La conspiration du gouvernement américain et des syndicats pour saccager les retraites des travailleurs
Par Andre Damon
12 octobre 2015
Le Teamsters Central States, un des plus importants fonds de retraite aux États-Unis, a dévoilé ce mois-ci les détails d’un plan visant à réduire les prestations de retraite pour plus de 400.000 chauffeurs de camions, transporteurs de colis et autres salariés, actifs et retraités. Les salariés ont reçu des lettres les informant que des prestations de retraite pour lesquelles ils ont travaillé pendant des décennies et garanties par la loi avaient tout simplement disparu.
Si cette coupe dans les retraites se monte en moyenne à 23 pour cent des prestations des salariés, elle se traduira pour beaucoup par une division de leur retraite en deux; des dizaines, voire des centaines de milliers de travailleurs âgés seront ainsi réduits à la pauvreté et la misère.

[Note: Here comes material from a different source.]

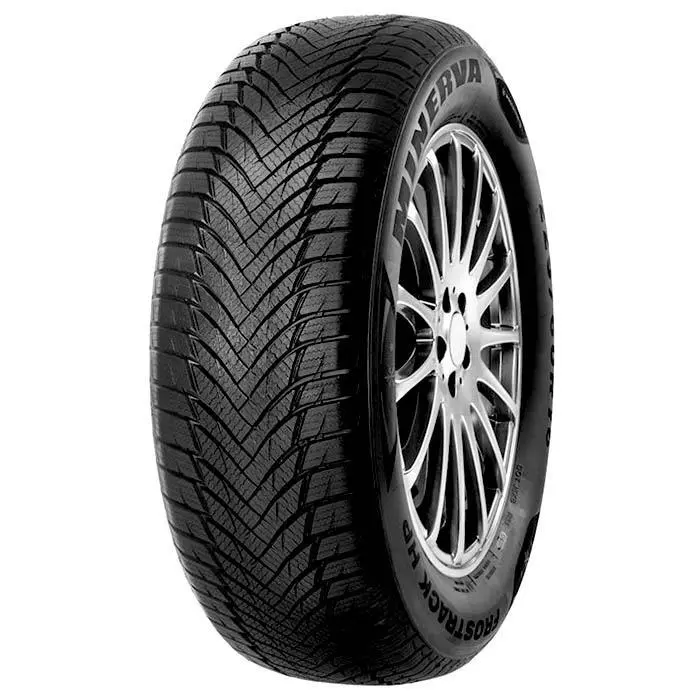 Minerva Frostrack HP 195/55 R 16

Cette mesure est le produit d’un complot de l’Administration Obama, Wall Street, les grandes entreprises et les syndicats pour sabrer des centaines de milliards de dollars des fonds de retraite multi-employeurs.
En décembre 2014 le Congrès a adopté la Loi sur la réforme des pensions interentreprises 2014, presque sans débat public, et mis en place un mécanisme pour sabrer les retraites d’un million de salariés de fonds de retraite interentreprises « sous-financés ». Cette année, la Maison-Blanche a nommé Kenneth Feinberg, manipulateur de longue date de Wall Street, pour superviser la réduction des prestations, lui donnant le pouvoir unilatéral d’imposer des coupes même si les bénéficiaires votaient contre.
Un régime interentreprises est un régime de retraite créé par un accord entre deux ou plusieurs employeurs et un syndicat, généralement dans la même industrie ou des industries connexes. Ils sont régis par des administrateurs nommés conjointement par les syndicats et la direction. Ces fonds permettent aux salariés d’accumuler des droits, même lorsqu’ils changent d’employeurs dans le même secteur, et étaient nominalement protégés par le gouvernement fédéral d’une défaillance des entreprises.
Mais les fonds ont été systématiquement sous-financés par les grandes entreprises en collaboration directe avec leurs « partenaires » syndicaux. Des fonds ayant des milliards de dollars ont servi non seulement à procurer des sinécures aux permanents des syndicats, mais aussi de monnaie d’échange dans le marchandage de ceux-ci avec les entreprises alors qu’ils s’efforcent de consolider les sources de leurs revenus.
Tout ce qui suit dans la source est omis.